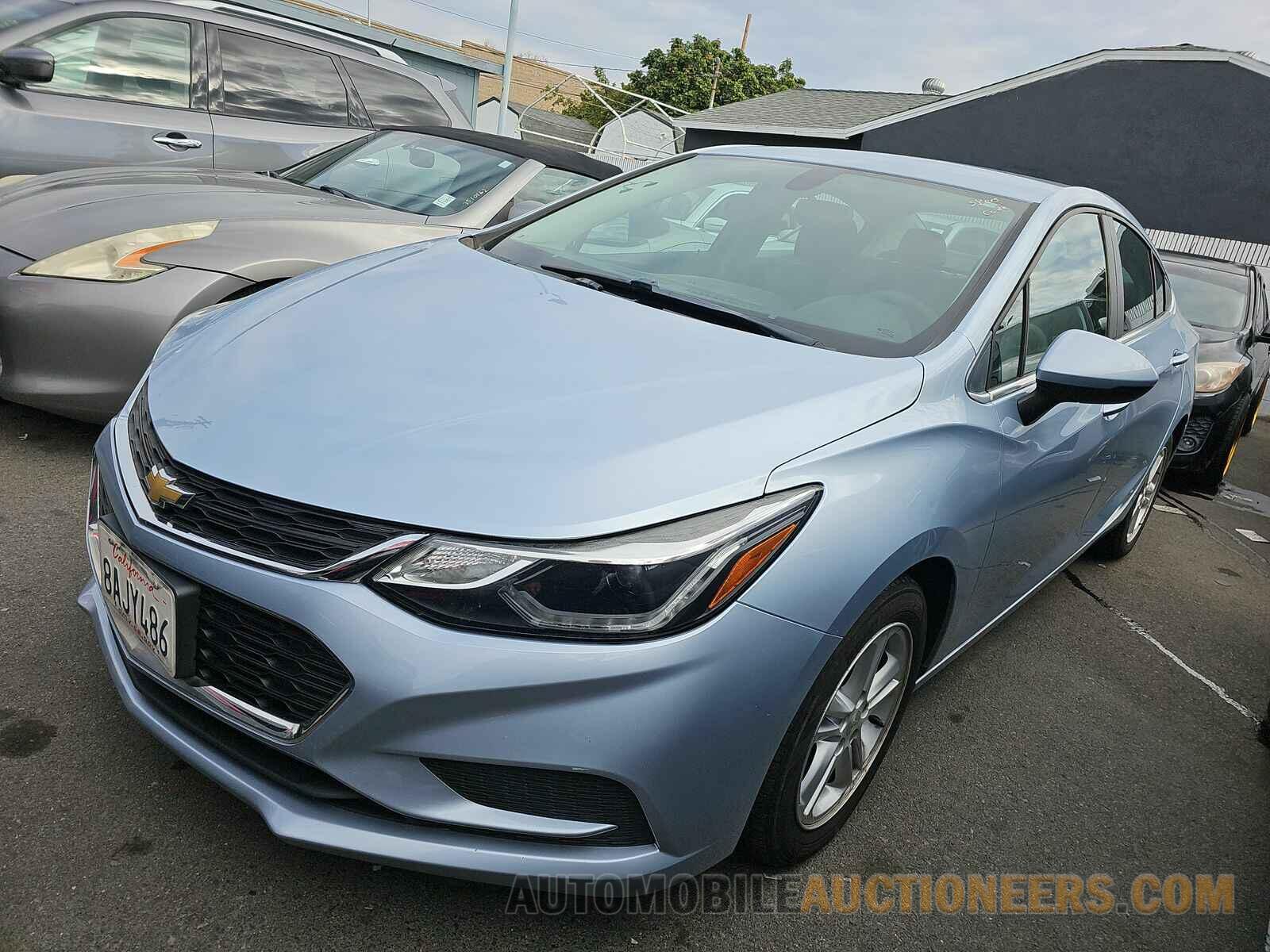 1G1BE5SM5H7157008 Chevrolet Cruze 2017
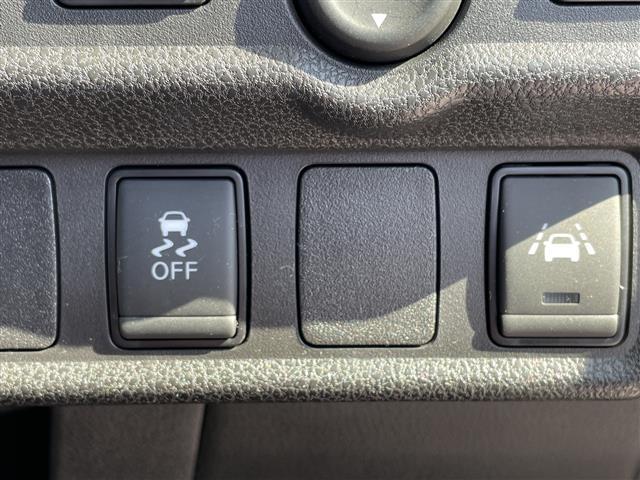 ノート ｅ－パワーニスモ　純正ナビ　全方位カメラ　バックカメラ　レーダークルーズコントロール　コーナーセンサー　インテリジェントミラー　ドライブレコーダー　ＥＴＣ２．０　衝突軽減システム　フルセグ　スマートキー（4枚目）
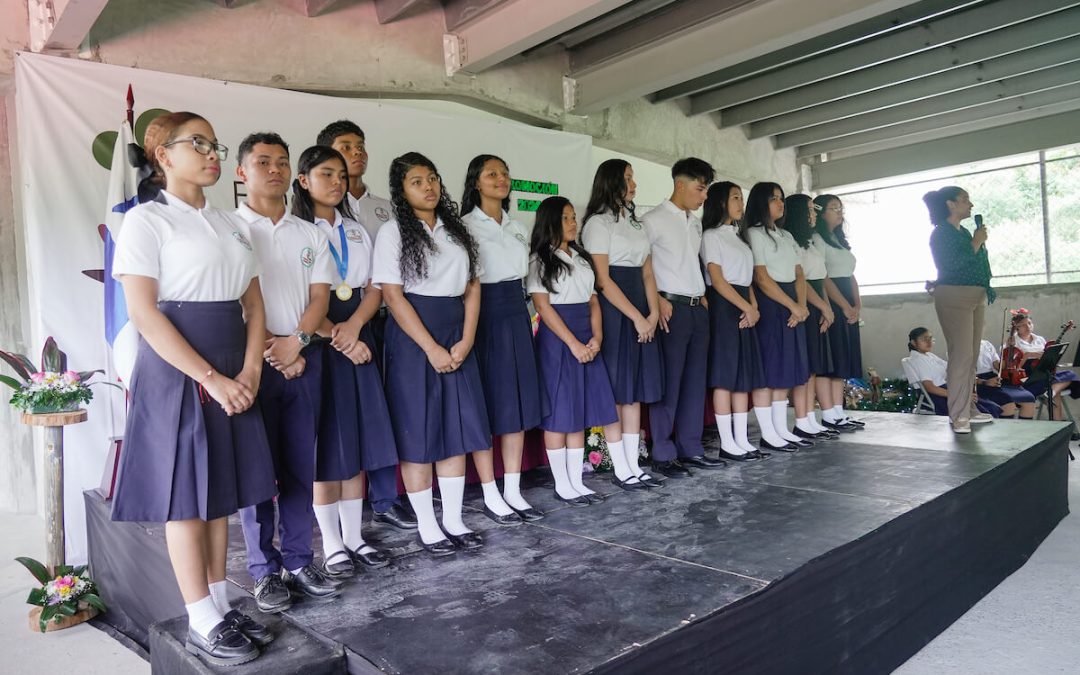 Celebración de graduación en el Colegio Federico José Humbert Azcárraga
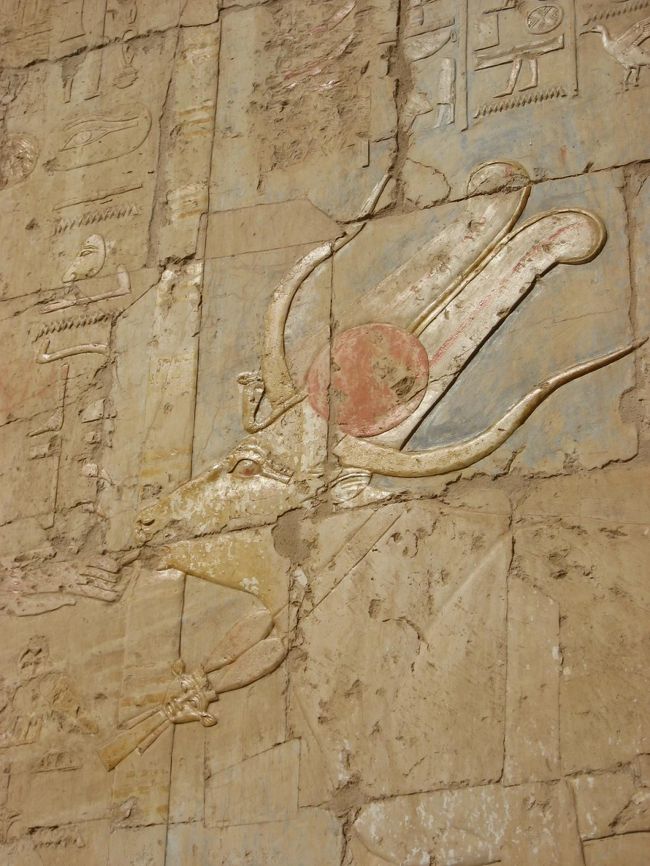 レリーフ。<br />首からかかっている変な顔した人形見たいのが気になります。お守りか何かでしょうか？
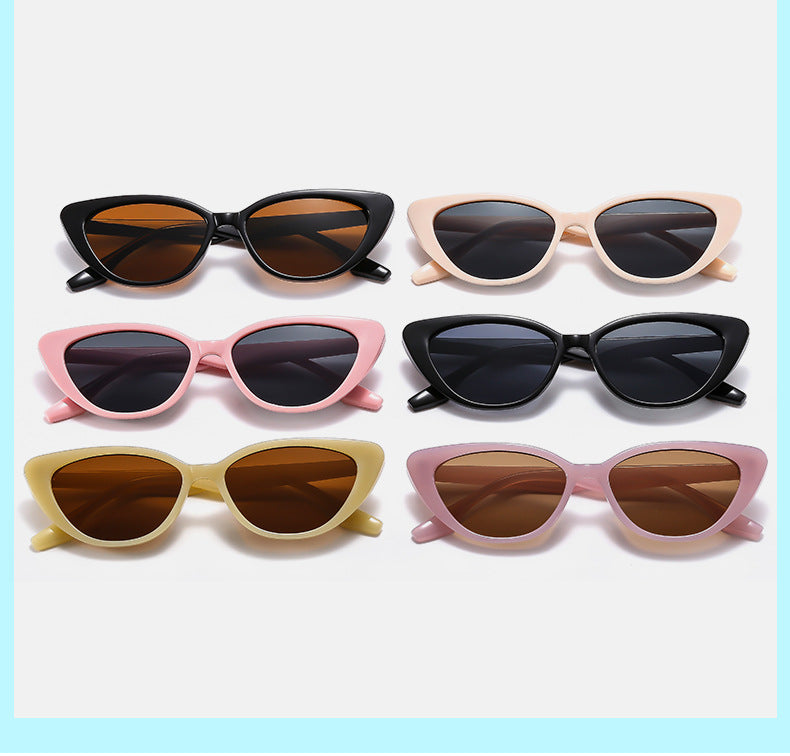 Damen futuristische Cat-Eye Sonnenbrille mit speziellen UV-Schutzgläsern Karnz
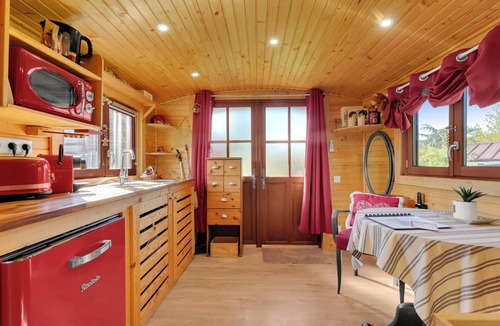 Villeneuve-de-Riviere House | 8, family or friends, share the Pyrenees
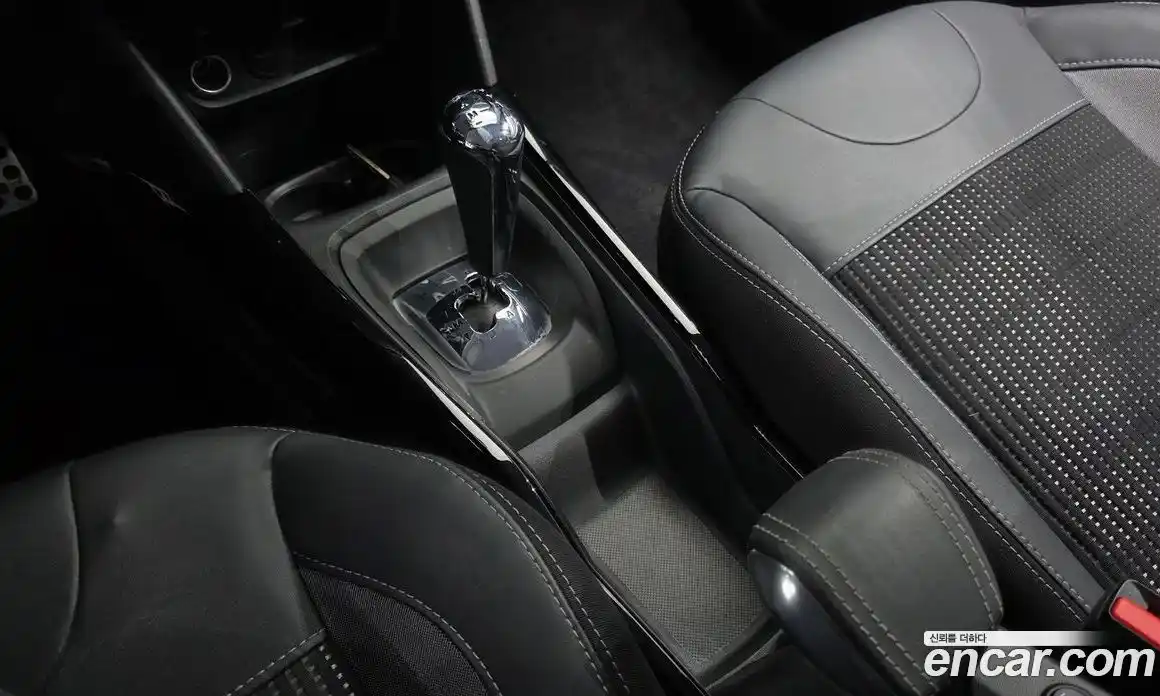 Peugeot 2008 2017 1.6 автомат (гидро), фото 9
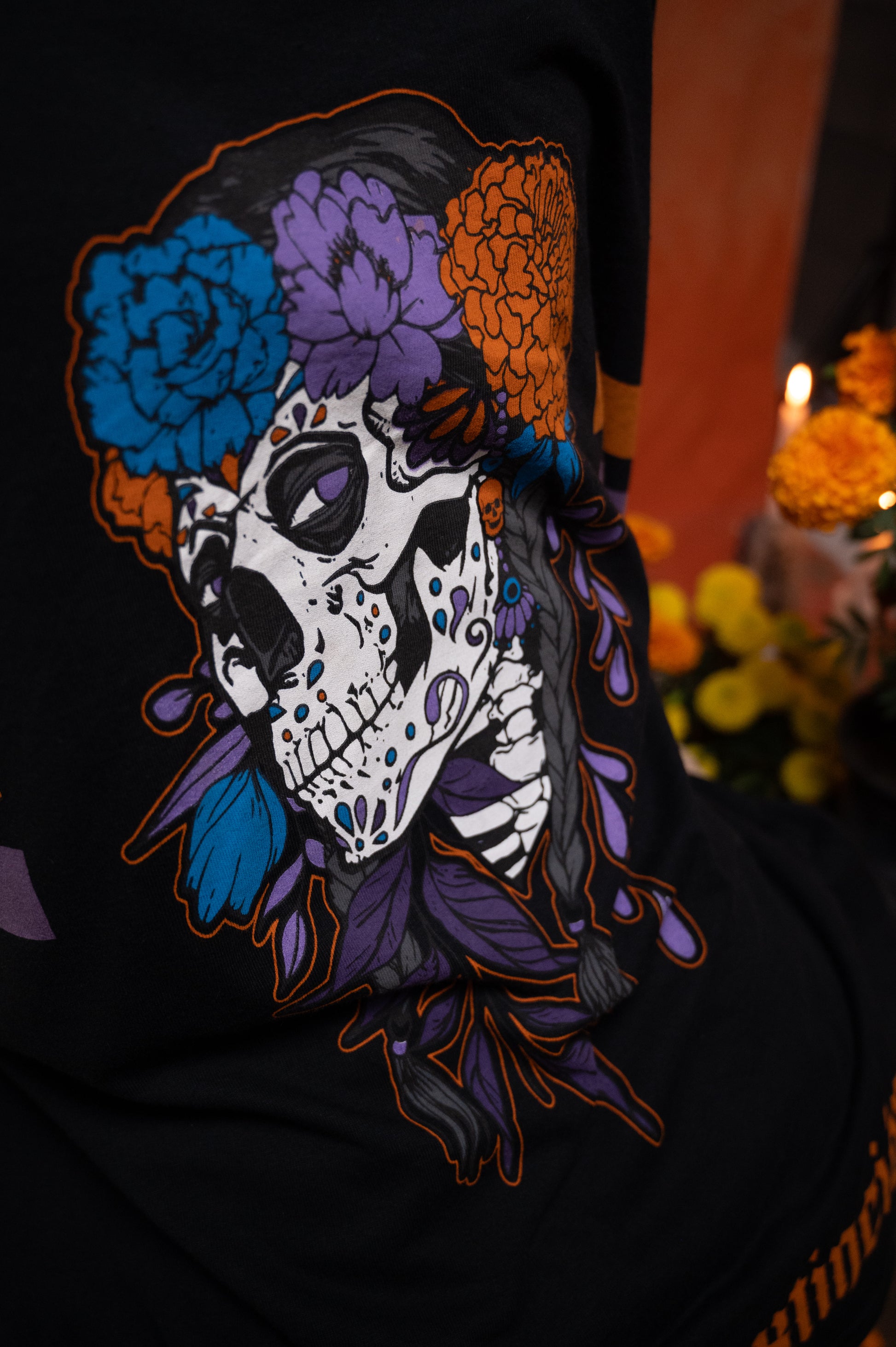 Detalle de la serigrafía puff en playera oversize negra Especie en Extinción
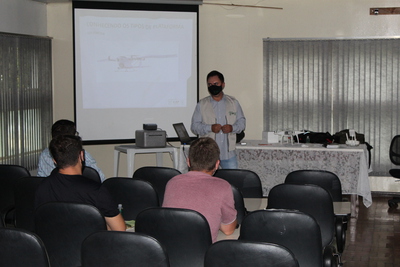 Sindicato Rural de Laranjeiras do Sul e SENAR â€“ PR proporcionam curso de operaÃ§Ã£o de drones a produtores 
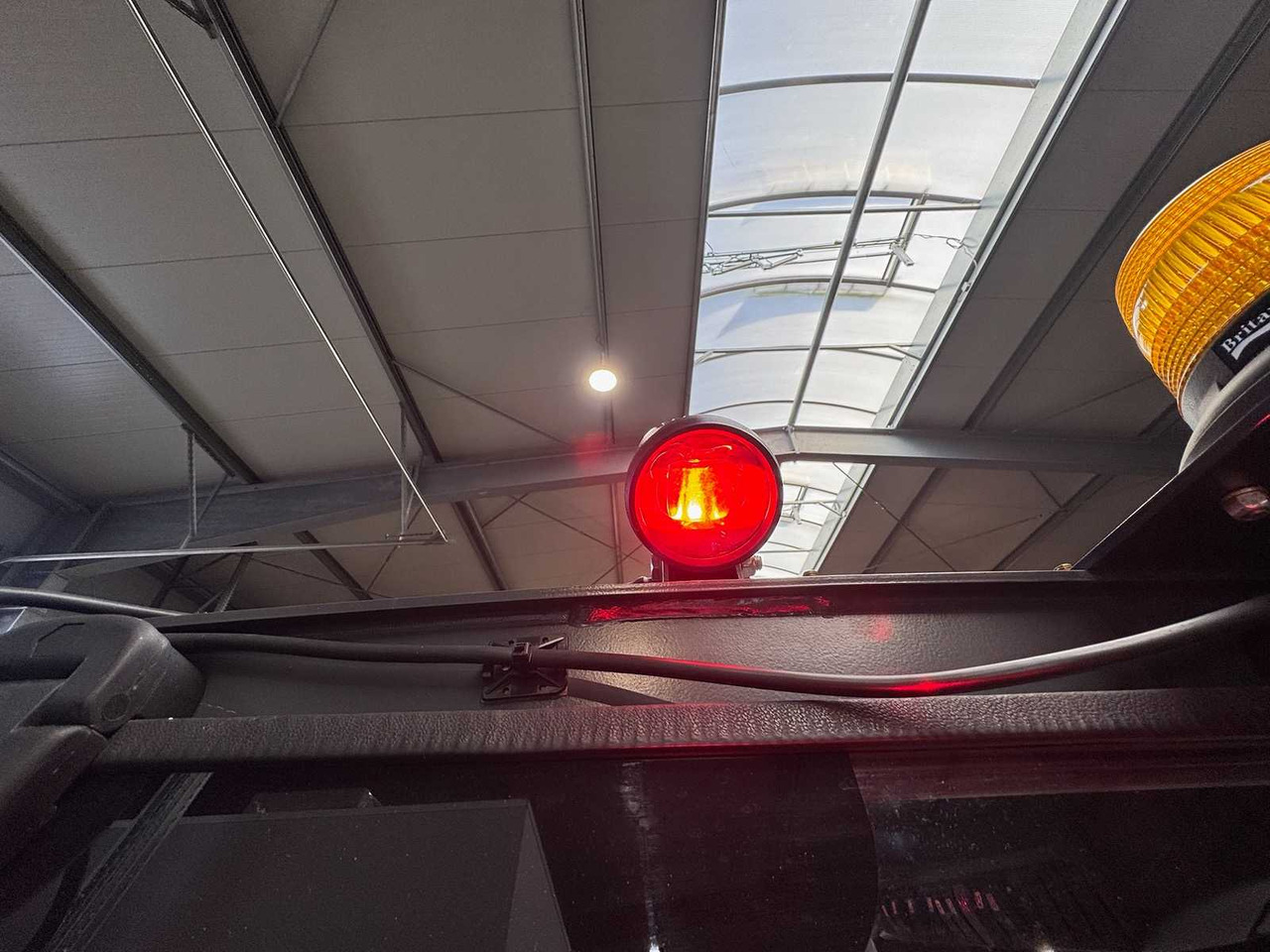 Viličar 2017 SERVICE + UVV 07/2026 LINDE E25L 2.500KG EVO 3.+4.: slika Viličar 2017 SERVICE + UVV 07/2026 LINDE E25L 2.500KG EVO 3.+4. Viličar 2017 SERVICE + UVV 07/2026 LINDE E25L 2.500KG EVO 3.+4.: slika Viličar 2017 SERVICE + UVV 07/2026 LINDE E25L 2.500KG EVO 3.+4.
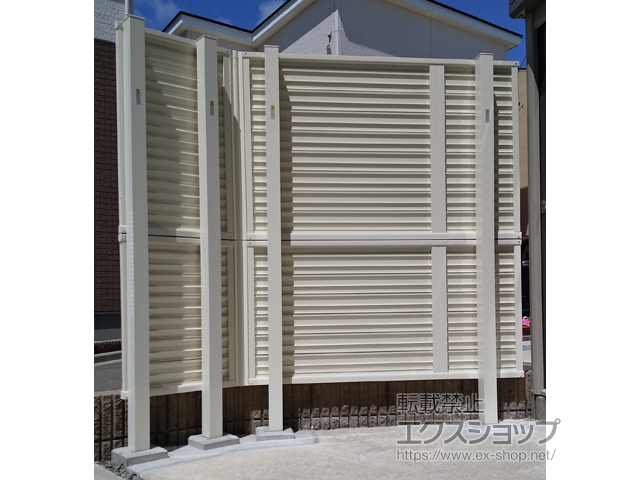 秋田県秋田市ののフェンス・柵 ミエーネフェンス 目隠しルーバータイプ 2段支柱 自立建て用(パネル2段） 施工例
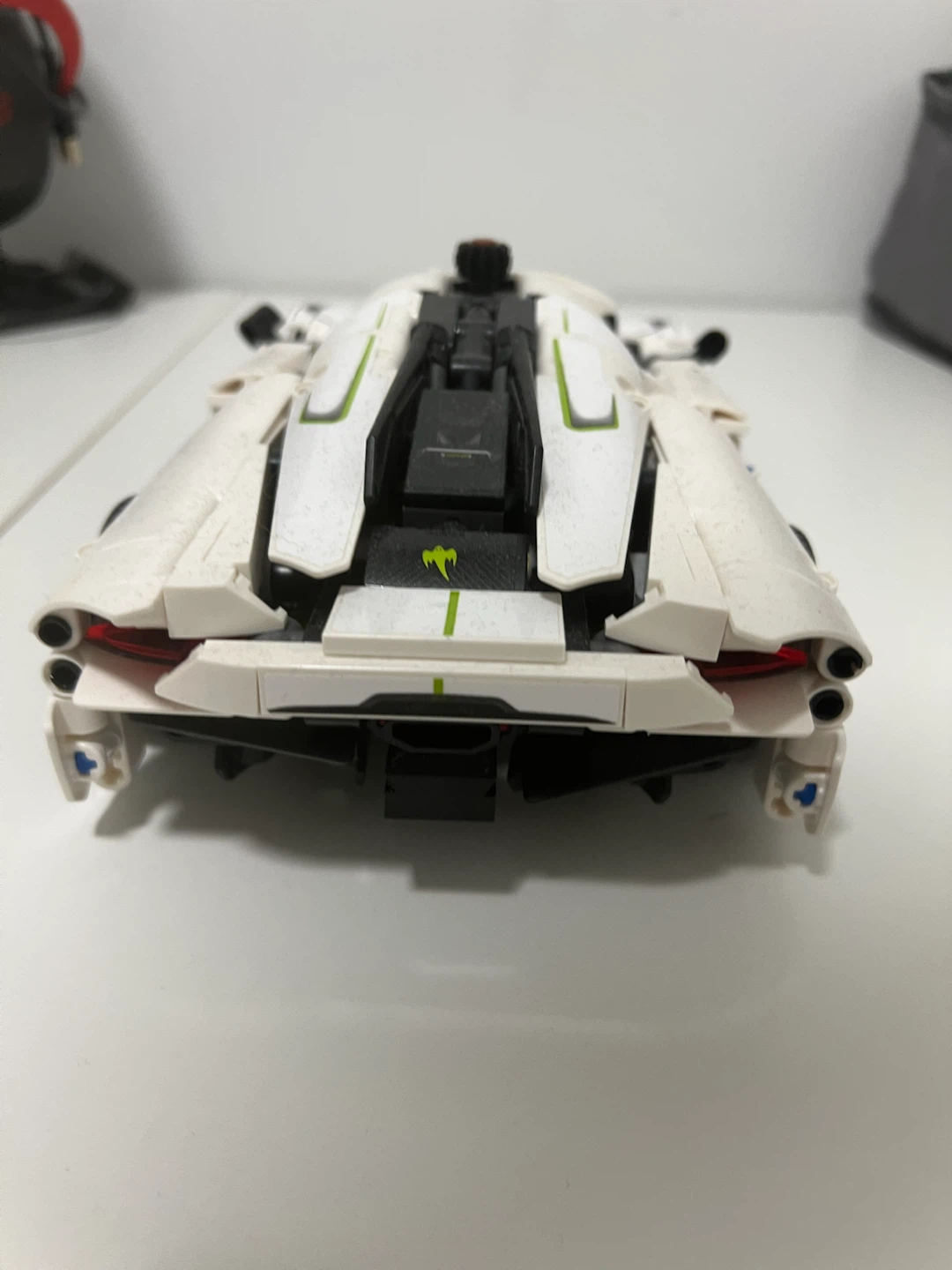 Lego White Koenigsegg Technic 42184 - photo 4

*PROBLEM*: What is needed is the exact run of lines from the start of the data through the line with "Damen futuristische Cat-Eye", both ends included, minus the pictures.

*RESULT OF THE TASK*:
 1G1BE5SM5H7157008 Chevrolet Cruze 2017
 ノート ｅ－パワーニスモ　純正ナビ　全方位カメラ　バックカメラ　レーダークルーズコントロール　コーナーセンサー　インテリジェントミラー　ドライブレコーダー　ＥＴＣ２．０　衝突軽減システム　フルセグ　スマートキー（4枚目）
 Celebración de graduación en el Colegio Federico José Humbert Azcárraga
 レリーフ。<br />首からかかっている変な顔した人形見たいのが気になります。お守りか何かでしょうか？
 Damen futuristische Cat-Eye Sonnenbrille mit speziellen UV-Schutzgläsern Karnz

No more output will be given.